Historically, using rifles accurately at ranges of a thousand years has been a skill limited to an elite subset of soldiers (and assassins) who have honed their skills through years of Olympic class training. These sharpshooters have been particularly scarce in armies made up mostly of draftees with short one or two year tours of duty and in armies in the developing world and Third World with inferior resources for both training and equipment. Moreover, even the elites miss targets at thousand yard ranges seven or eight times out of ten on their first shot.

With a smart rifle system and an expenditure of just a few million dollars, comparable to the cost of a single modern tank, and enough training to bring soldiers to above the novice level, a country or rebel group could field a full company of soldiers who miss targets at thousand year ranges less perhaps one time out of twenty on their first shot.
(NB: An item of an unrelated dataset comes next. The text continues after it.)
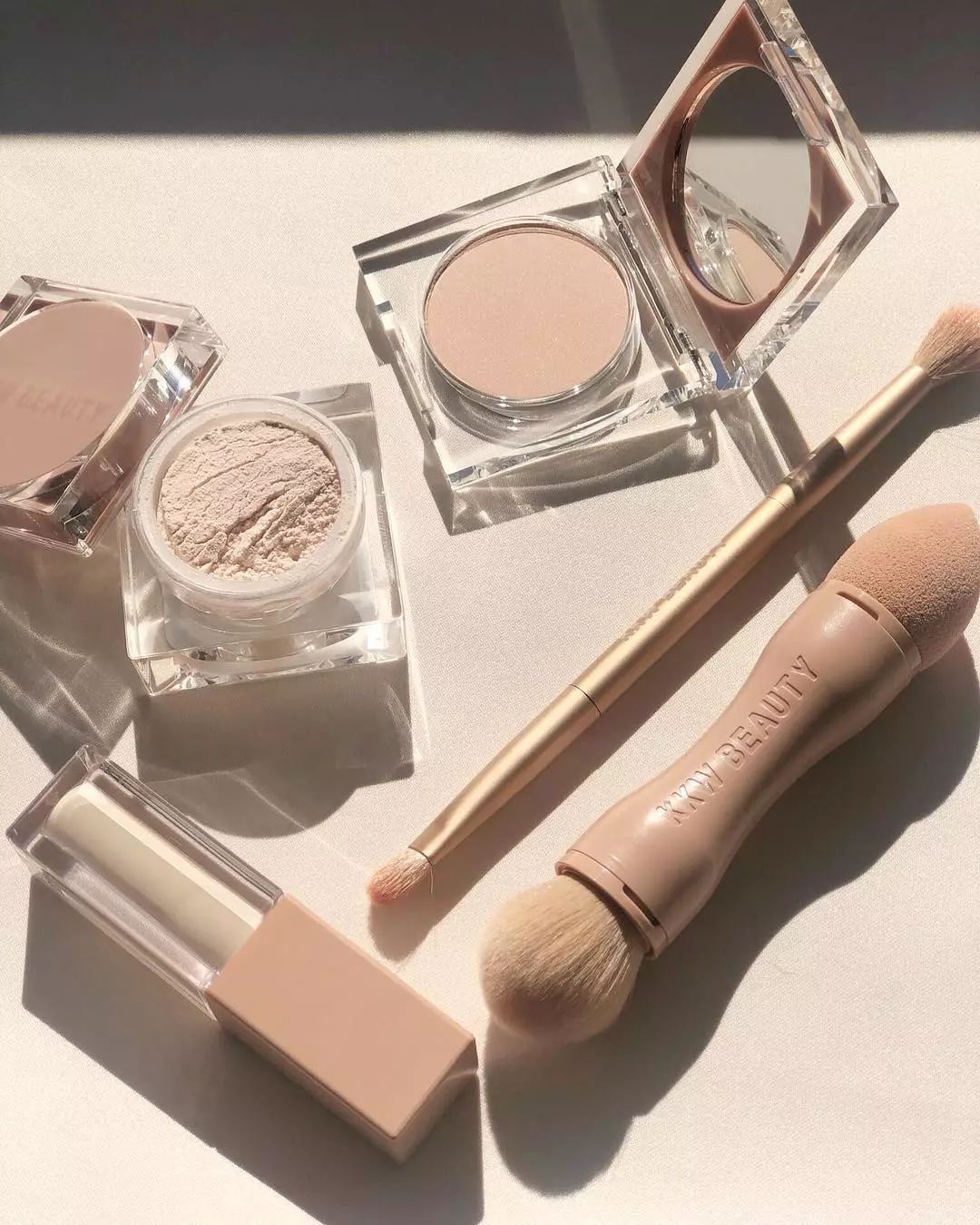 退役女星组团当网红,到底有多赚钱?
Ambush tactics for units like that could easily shift the balance of military power in a war like the one currently being waged in Syria.

Also, smart rifles are small and portable enough that they could not immediately be purged by a more advanced military force that could leverage control of the airspace and a monopoly on heavy and hard to hide weapons systems from insurgents.

Alternately, a rifle equipped with this kind of targeting system allows anyone with enough funds to buy an new mid-grade SUV or sedan or pickup truck for cash, intent on assassinating someone or going on a killing spree, to have the shooting accuracy that in 2010 was restricted to the best U.S. military snipers with minimal practice. From the perspective of someone like a Secret Service agent, the increased accuracy at long range of a smart rifle means that the area that needs to be checked and cleared of potential snipers other than true professionals is increased by a factor of 25 to 100 relative to the situation before smart rifles were available. 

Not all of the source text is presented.